■ WHAT TO PRODUCE ■
From the line containing "Cachorro ra a" to the last line of the listing, both included, copy every line exactly and drop the pictures.

■ PROVIDED MATERIAL ■
-----
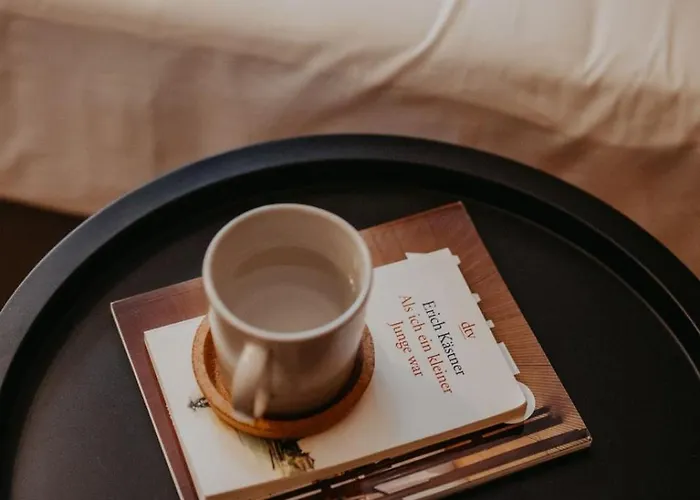 公寓 Elegant, 2 Rooms, Balcony, Kitchen 德累斯顿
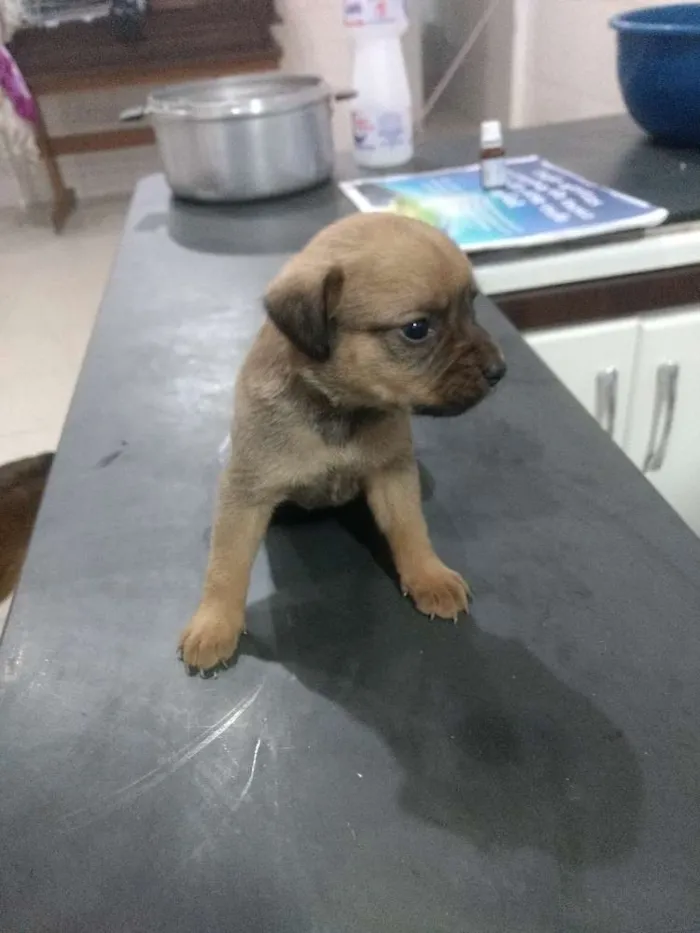 Cachorro ra a Srd idade Abaixo de 2 meses nome Sem nome 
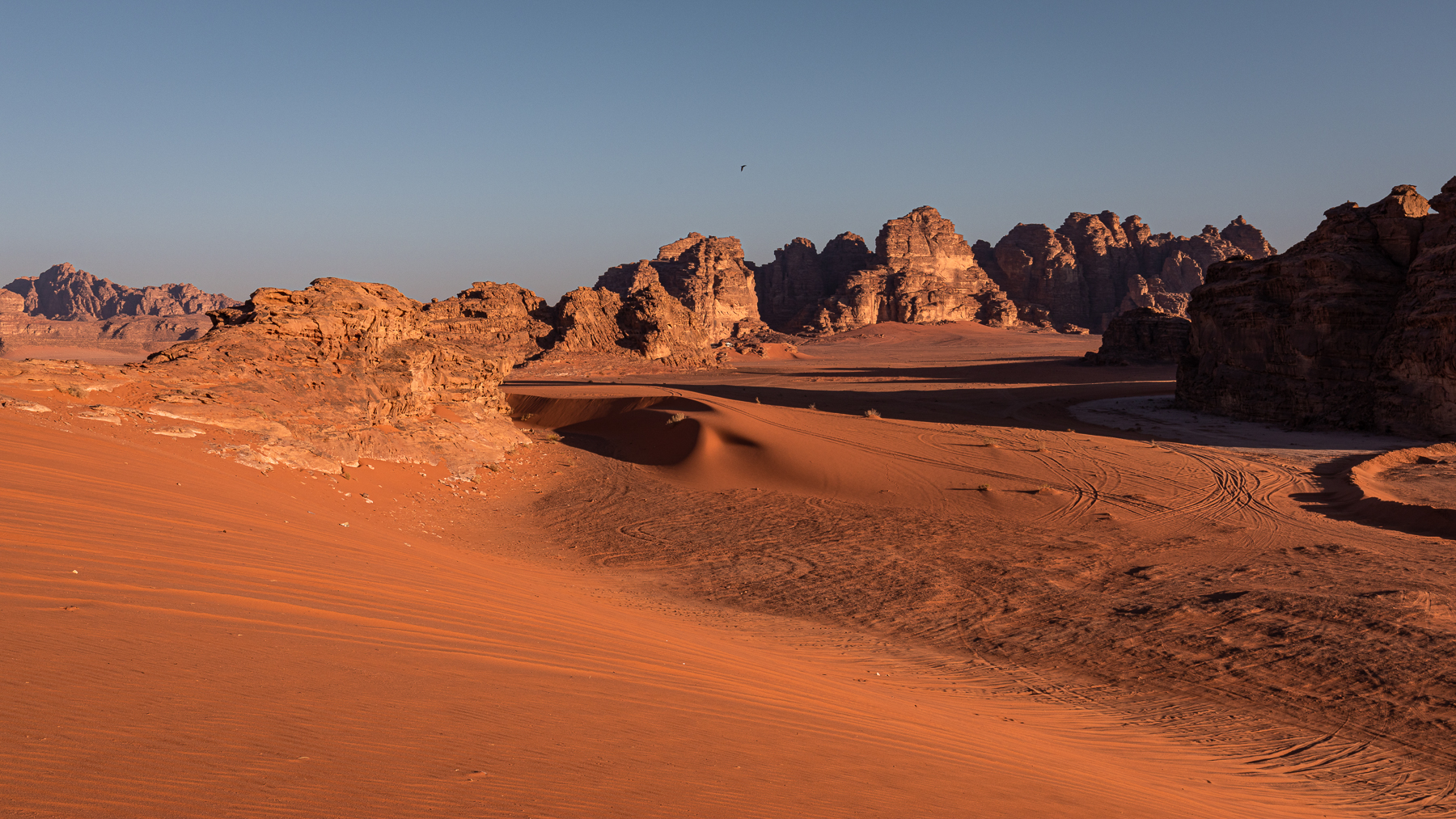 Albi on Wadi Rum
-----
■ TASK RESPONSE ■
 Cachorro ra a Srd idade Abaixo de 2 meses nome Sem nome 
 Albi on Wadi Rum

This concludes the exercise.